> _Data below_:
********
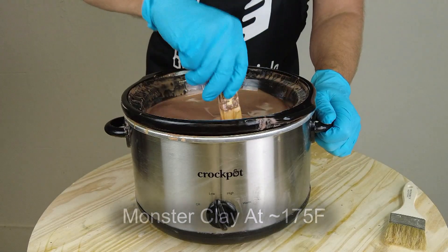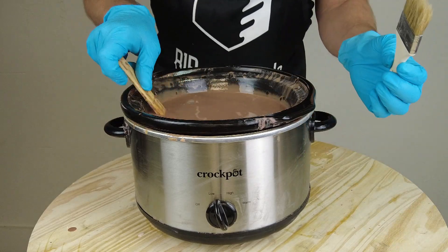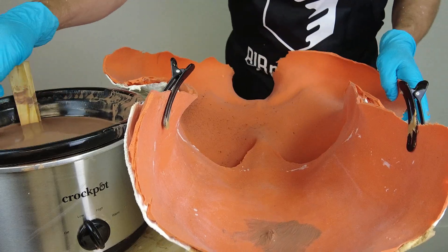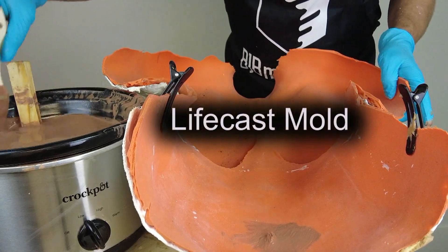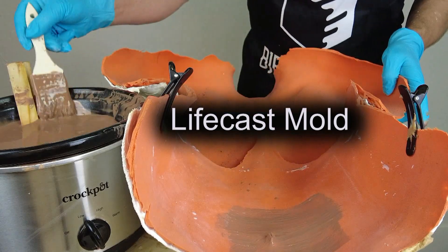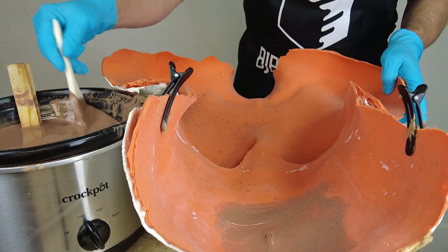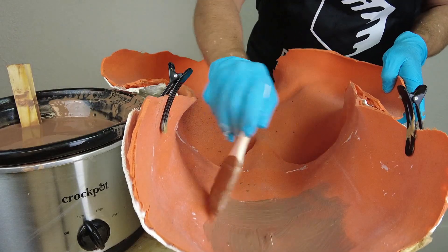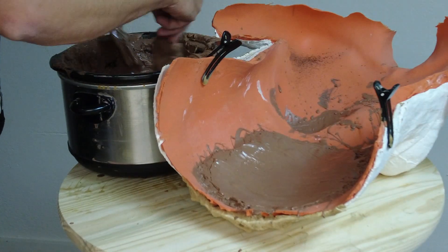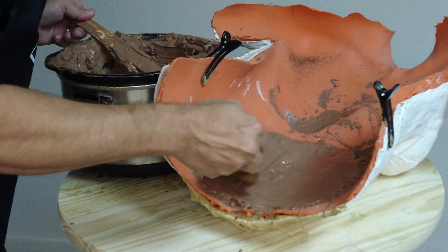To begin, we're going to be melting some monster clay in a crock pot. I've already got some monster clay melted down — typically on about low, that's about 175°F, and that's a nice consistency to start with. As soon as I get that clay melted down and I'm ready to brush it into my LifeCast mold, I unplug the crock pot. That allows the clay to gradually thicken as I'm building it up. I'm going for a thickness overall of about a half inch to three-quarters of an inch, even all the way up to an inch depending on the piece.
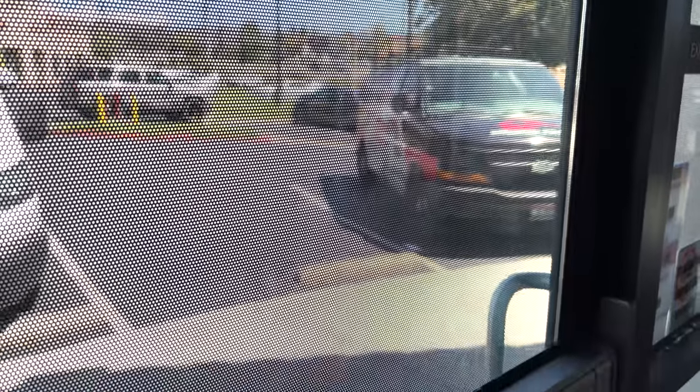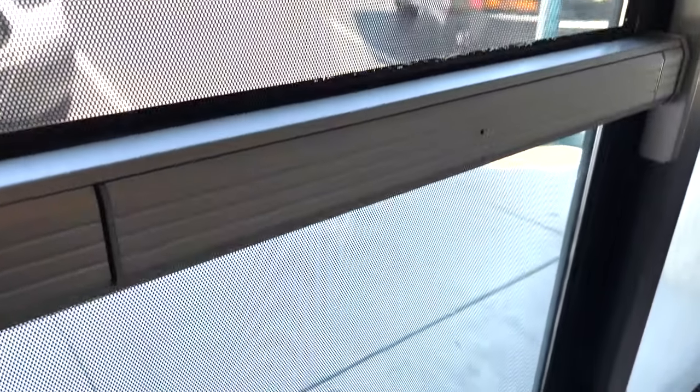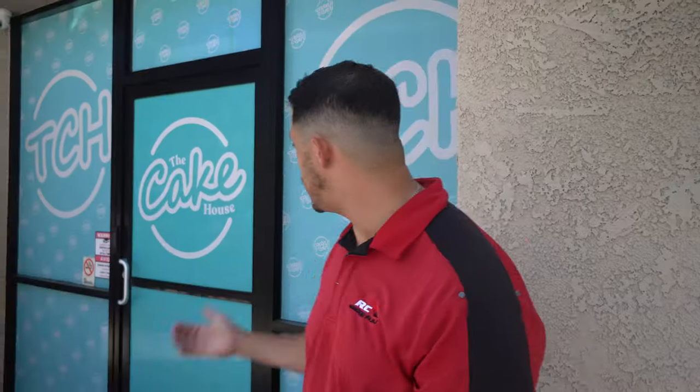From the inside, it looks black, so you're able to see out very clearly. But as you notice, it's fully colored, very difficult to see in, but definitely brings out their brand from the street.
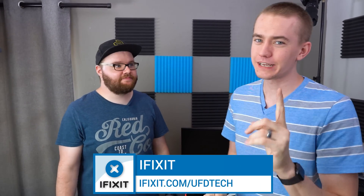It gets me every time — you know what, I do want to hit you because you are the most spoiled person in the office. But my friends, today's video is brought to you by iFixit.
********
> _Action item_: Give exactly those lines of the listing that run from its first line through the line with "From the inside, it", leaving each picture out.

> _Finished exercise_:
To begin, we're going to be melting some monster clay in a crock pot. I've already got some monster clay melted down — typically on about low, that's about 175°F, and that's a nice consistency to start with. As soon as I get that clay melted down and I'm ready to brush it into my LifeCast mold, I unplug the crock pot. That allows the clay to gradually thicken as I'm building it up. I'm going for a thickness overall of about a half inch to three-quarters of an inch, even all the way up to an inch depending on the piece.
From the inside, it looks black, so you're able to see out very clearly. But as you notice, it's fully colored, very difficult to see in, but definitely brings out their brand from the street.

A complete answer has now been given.